Garrett T. Capps’ cosmic cowboy sound is included among datasets being using to train generative AI models, according to The Atlantic. Credit: Oscar Moreno

Work by some of San Antonio’s best-known musicians has been found in datasets being used to train generative AI models to create music, according to an online database offered by The Atlantic magazine.

The Atlantic uncovered four large datasets used for AI development — one with 12 million tracks, one with 9 million and two with more than 100,000 each. The magazine’s staff compiled the results into a searchable database, which turned up the names of multiple Alamo City musicians.

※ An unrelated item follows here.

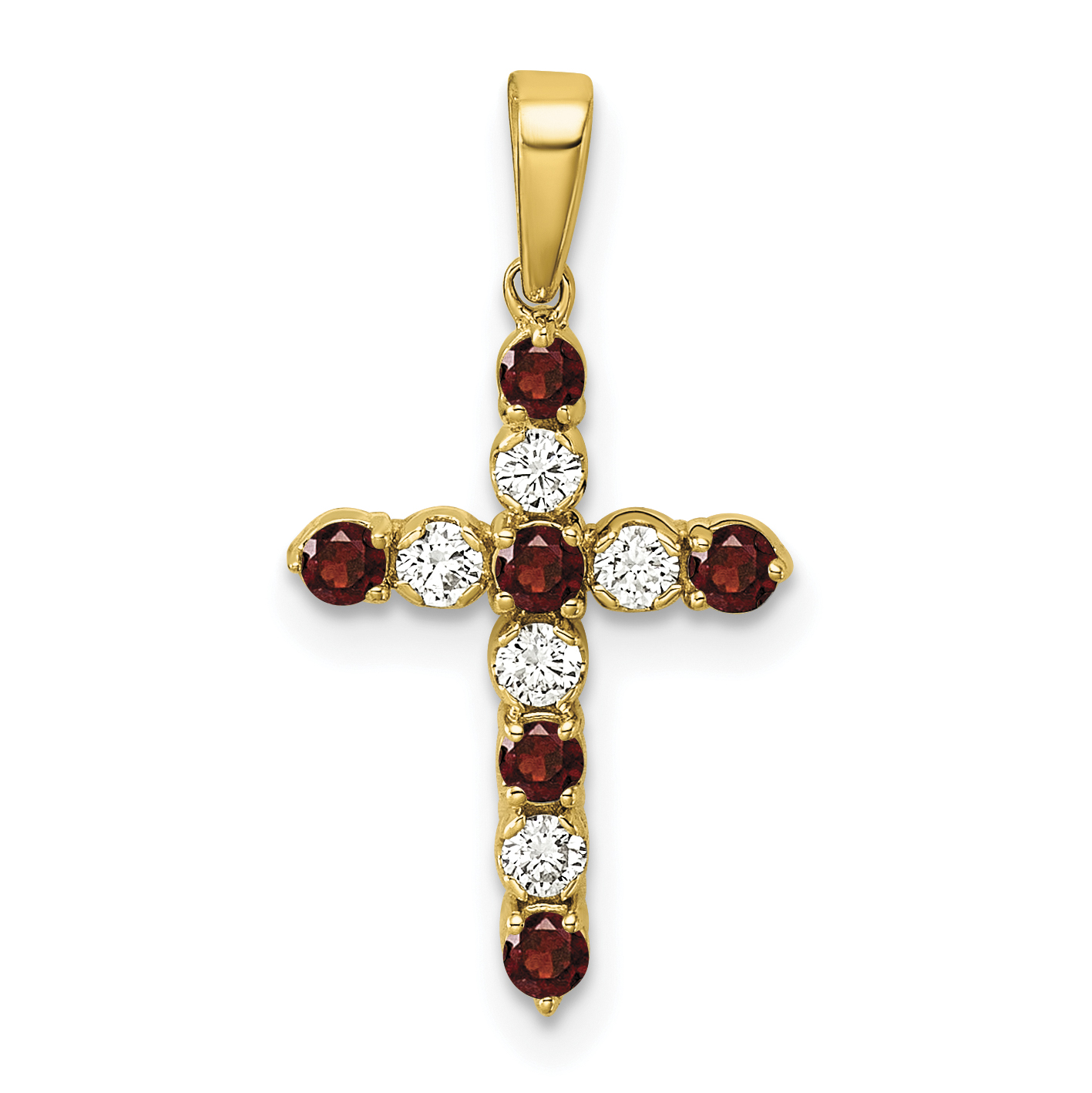 Diamond Garnet and 1/6 carat Pendant Charm Real 10k Yellow Gold 23.4x12.4mm main product image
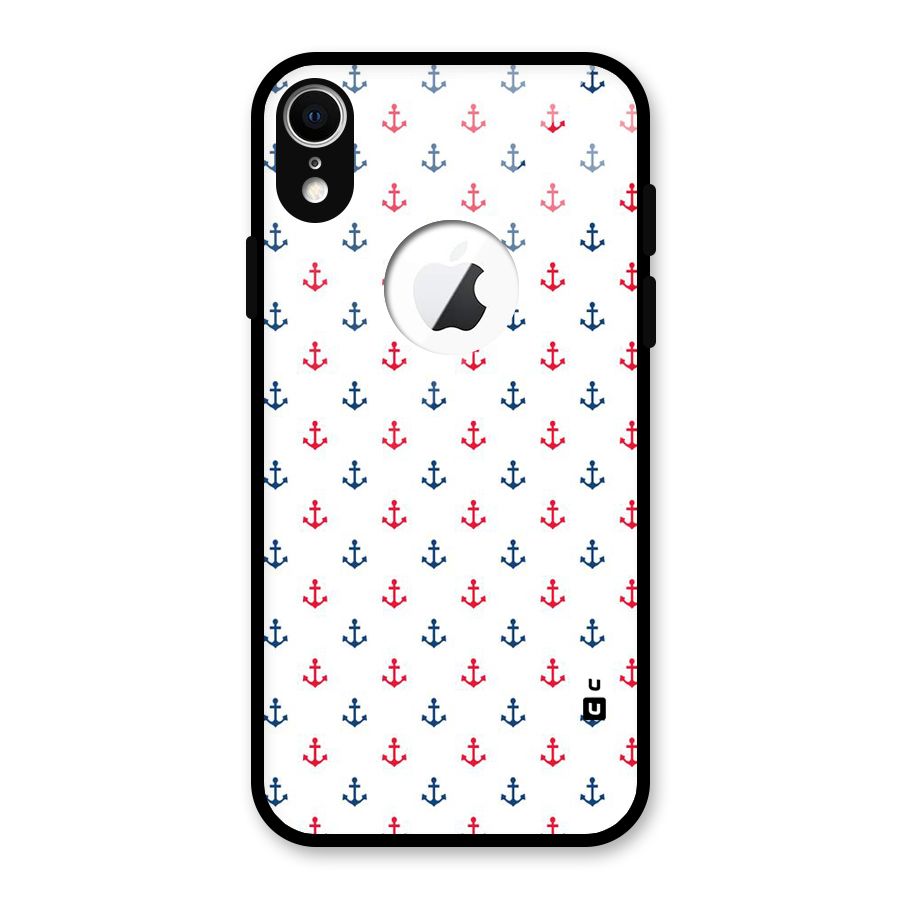 Minimal Anchor Pattern Glass Back Case for iPhone XR Logo Cut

Active San Antonio-area acts included in the database include cosmic country and krautrock artist Garrett T. Capps, conjunto stalwart Santiago Jimenez Jr., corrido singer-songwriter and congressional candidate Bobby Pulido and indie-rock bands Girl In A Coma and INOHA.

“Publishing rights are incredibly important, and situations like this highlight why artists need to understand and protect their work,” members of Girl In A Coma, a band that’s released music on Joan Jett’s Blackheart Records, told the Current in a private message. “We’re not supporters of using AI to create music and believe human creativity should remain at the heart of the art form.”

Legacy San Antonio acts whose music has been used to train AI, according to The Atlantic’s database, include the Sir Douglas Quintet, Texas Tornados, Flaco Jimenez, Butthole Surfers and the Royal Jesters.

“I can’t keep track of all the technological ‘progress’ taking place in these bizarre times. But I will say that I believe in my music, and if robots wanna listen to it and do something with it, then maybe something positive will come from it,” Capps told the Current. “Maybe it will lead to more songs about breakfast tacos? Algorithmic breakfast tacos. Or maybe it will all just lead to the end of the world as we know it.”

The San Antonio artists’ works were just some of millions of songs available to developers as they train their AI models to mash up existing music into more and more convincing dupes of human output, according to an accompanying article by The Atlantic.

Users can also search the database for screenwriters, actors, YouTube channels and books.

San Antonio authors whose works can be found in the datasets include Sandra Cisneros, Jonny Garza Villa, Johnny Compton and Xavier Garza.

The Atlantic discovered the datasets as they were passed around online within the AI development community, though the magazine was unable to identify the exact models using them and to what extent. Even so, the news outlet’s investigation found that the datasets have been downloaded thousands of times.

The magazine also offered up a disclaimer that the presence of a work in a dataset isn’t definitive proof that it’s been used to train AI. Companies also typically use multiple datasets — and not all are included in the database — so the absence of a work doesn’t constitute proof that it hasn’t been used, either.

AI music generators can mimic human music with uncanny accuracy, but to do so, they must be trained with enormous quantities of human-created recordings. The actual recordings fed into any model are closely guarded and typically treated as proprietary information by such companies.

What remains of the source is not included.